Required work:
Examine each line of the listing below. Copy those in which the string "Metallic" appears.

Provided data:
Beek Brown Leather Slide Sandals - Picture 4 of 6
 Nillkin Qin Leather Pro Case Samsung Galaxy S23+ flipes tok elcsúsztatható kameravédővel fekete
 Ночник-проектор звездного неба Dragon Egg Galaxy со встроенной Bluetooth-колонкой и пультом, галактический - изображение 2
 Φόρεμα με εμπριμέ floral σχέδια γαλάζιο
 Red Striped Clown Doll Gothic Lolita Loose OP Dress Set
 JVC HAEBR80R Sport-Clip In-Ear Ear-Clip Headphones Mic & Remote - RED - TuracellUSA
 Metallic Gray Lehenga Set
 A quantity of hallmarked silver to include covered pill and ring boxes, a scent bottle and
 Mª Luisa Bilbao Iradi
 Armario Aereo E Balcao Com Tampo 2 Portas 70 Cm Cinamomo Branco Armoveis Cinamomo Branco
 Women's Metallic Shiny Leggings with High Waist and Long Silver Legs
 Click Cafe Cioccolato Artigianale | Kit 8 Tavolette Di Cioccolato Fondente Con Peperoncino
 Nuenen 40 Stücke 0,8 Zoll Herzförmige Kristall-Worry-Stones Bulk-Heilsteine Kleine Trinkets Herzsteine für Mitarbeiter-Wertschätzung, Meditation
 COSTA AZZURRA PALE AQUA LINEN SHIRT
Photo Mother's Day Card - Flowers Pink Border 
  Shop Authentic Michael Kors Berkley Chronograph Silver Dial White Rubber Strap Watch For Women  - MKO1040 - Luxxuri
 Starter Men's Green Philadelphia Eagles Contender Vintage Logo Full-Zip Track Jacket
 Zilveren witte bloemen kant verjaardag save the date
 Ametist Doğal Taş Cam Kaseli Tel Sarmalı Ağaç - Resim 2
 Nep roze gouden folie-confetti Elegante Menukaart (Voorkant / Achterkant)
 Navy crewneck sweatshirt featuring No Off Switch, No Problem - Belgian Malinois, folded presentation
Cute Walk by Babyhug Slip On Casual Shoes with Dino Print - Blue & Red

Finished exercise:
 Metallic Gray Lehenga Set
 Women's Metallic Shiny Leggings with High Waist and Long Silver Legs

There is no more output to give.